Но при этом отсутствует осознание того обстоятельства, что здесь недооценивается сущность религиозной истины. Она заключается не в успехе индивидуального и всегда частичного стремления и опыта на пути религиозного поиска. Этим она отличается от всех других, нерелигиозных путей познания. Поэтому библейская метафора «Пути» (Ин 14, 6), данная человеку в образе личности («Я есмь путь и истина и жизнь»), заступает место пути, искомого человеком. Религии человечества не знают обращения к человеческому, которое позволило бы им признавать действительными и другие истины.

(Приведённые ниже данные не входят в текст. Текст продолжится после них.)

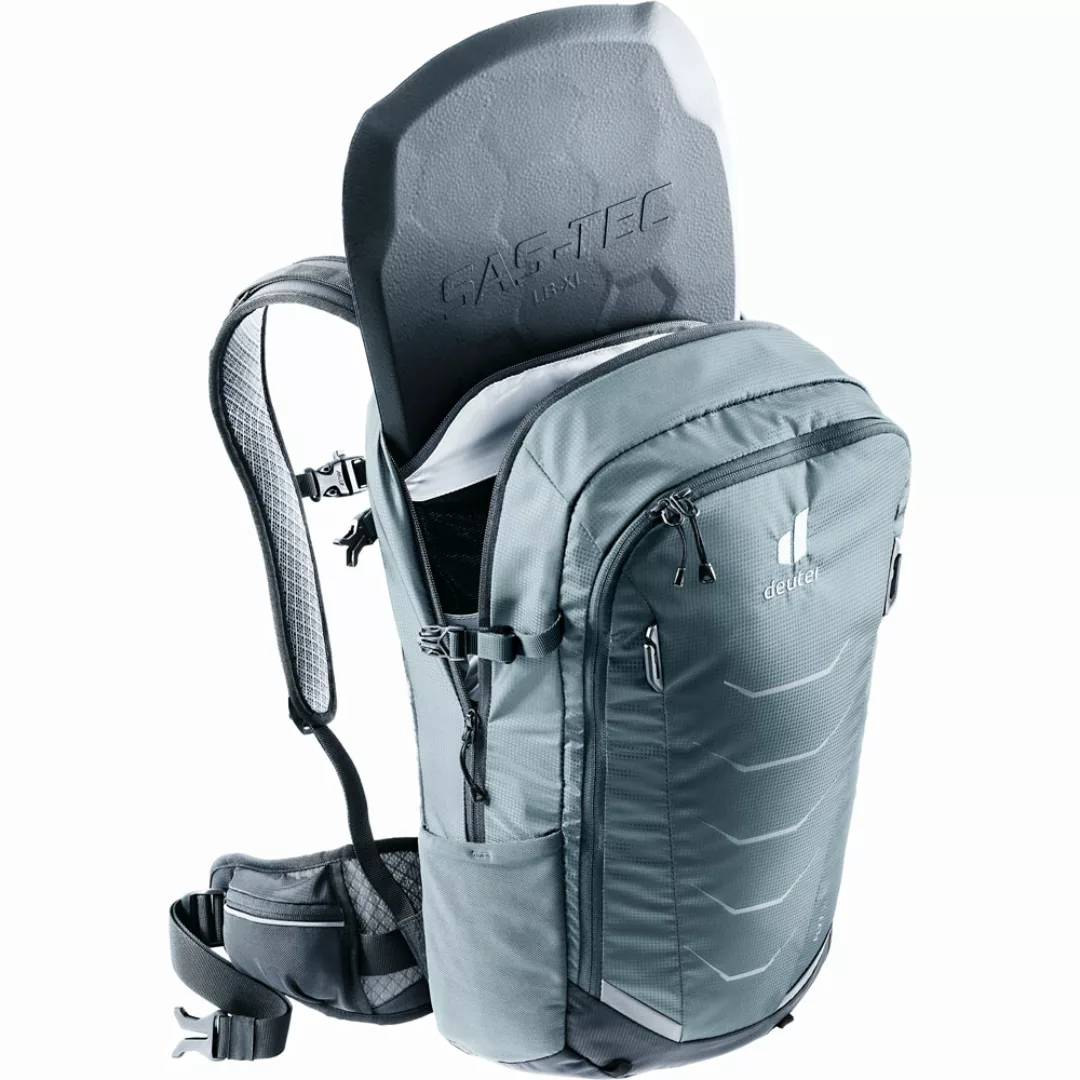 Deuter Flyt 20 Graphite/Black günstig online kaufen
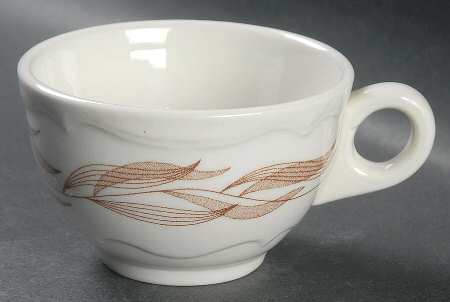 SHO152 Flat Cup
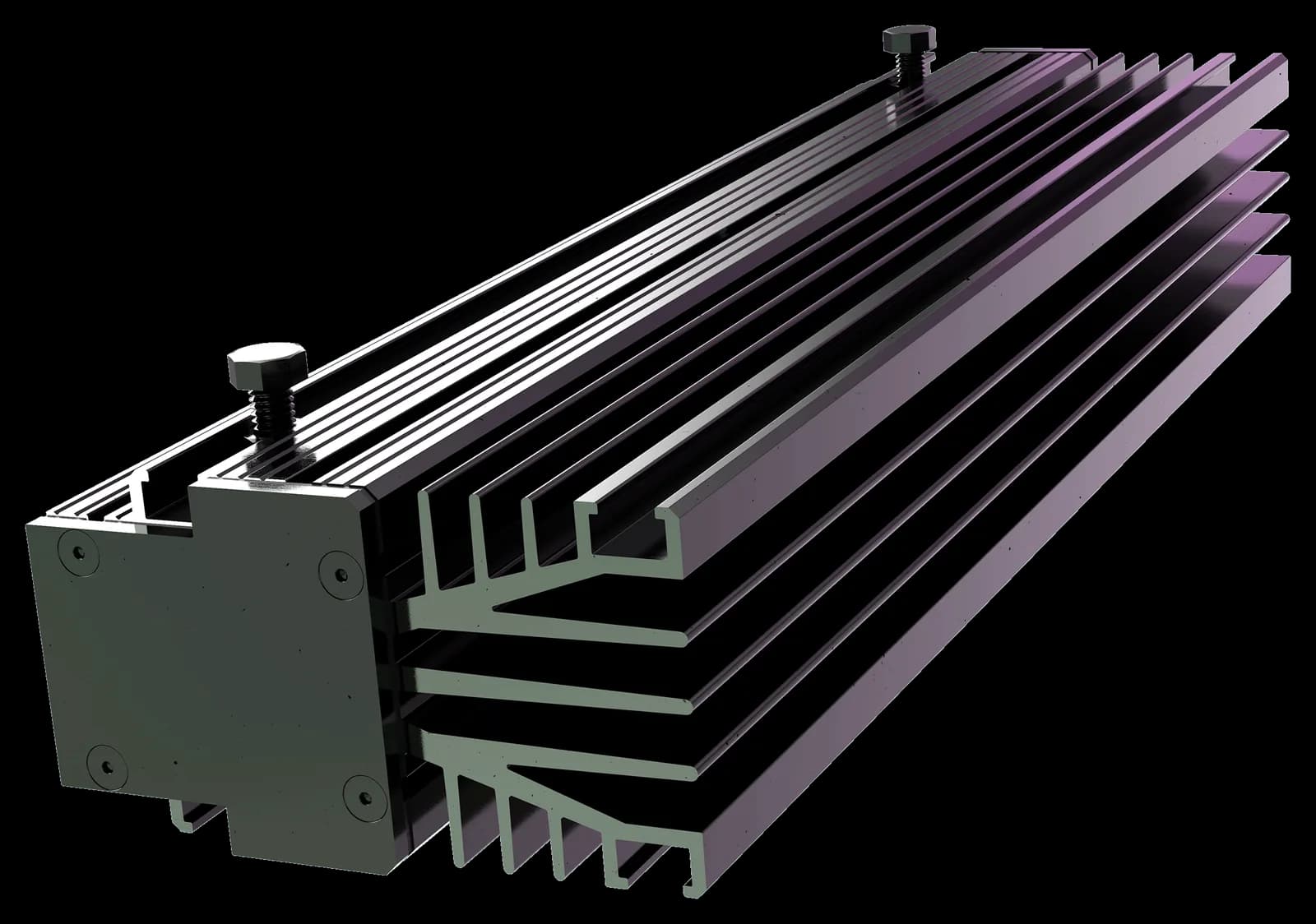 LL330 Sealed High Intensity Line Light photo 3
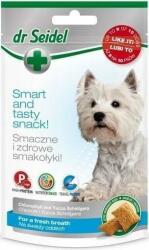 Laboratorium DermaPharm DermaPharm Dr Seidel Laboratory Fresh Breath Treats pentru câini 90 g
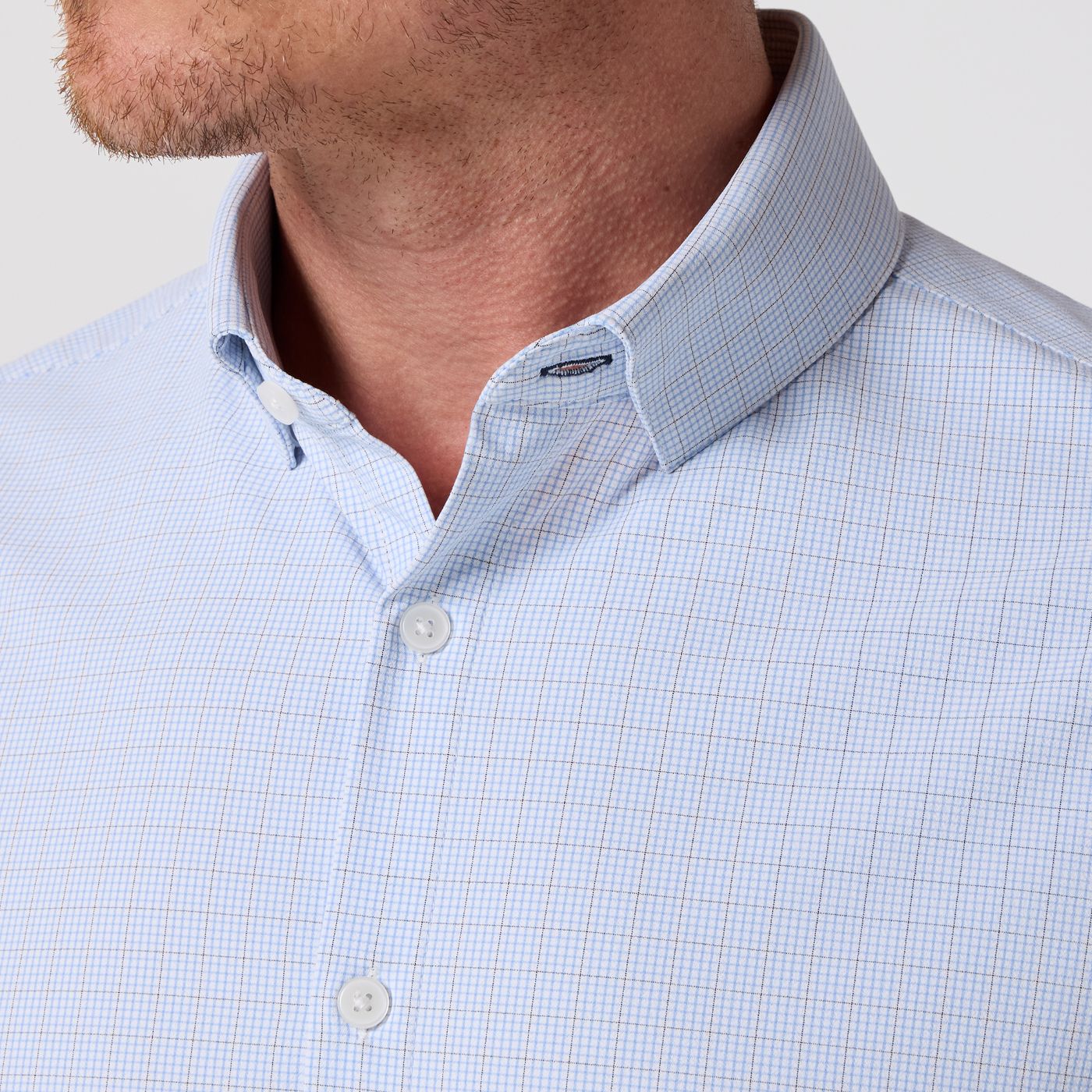Leeward Dress Shirt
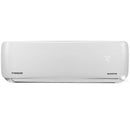 Sistema completo de aire acondicionado con bomba de calor Pioneer® Mini-Split Inverter+ Energy-Star de 9000 BTU y 21,5 SEER2 de 115 V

Их обязывающая сила и несомненность заключается для живущих верой (Рим 1, 17) отнюдь не в их собственном выборе (Ин 15, 16) и не в той степени, в какой они реализовали его, сделали его действительным.
Человек является в религии принимающей, а не устанавли вающей стороной. Он не определяет, что именно ему подходит, но ощущает себя тем, относительно кого выносится решение. Его экзистенциальная осуществленность — не основание, а следствие его религии. При этом религия встречает его раньше, чем он ее ищет и находит. Мы не оценим всей глубины и своеобразия проблематики межрелигиозного диалога, если пренебрежем таким определением сущности религиозной истины. При взгляде на приверженцев других религий обнаруживаются черты сходства и различия; таков плодотворный метод сравнительного религиоведения, особенно феноменологии религий. Однако диалог вер, как теологическая задача, не должен отказываться от рассмотрения вопроса об обязывающей истине, который сущностно связан с религиозной верой. Только в этом заключается подлинность диалога, и ее не заменить ни аргументацией, ни ссылками на моральные ценности. Поэтому основание межрелигиозного диалога надлежит искать (несмотря на всю актуальность лессинговой модели) глубже — в истине, пребывающей в самом Боге. Наблюдение и сопоставление религиозного и нравственного поведения людей составляет лишь преддверие подлинного диалога.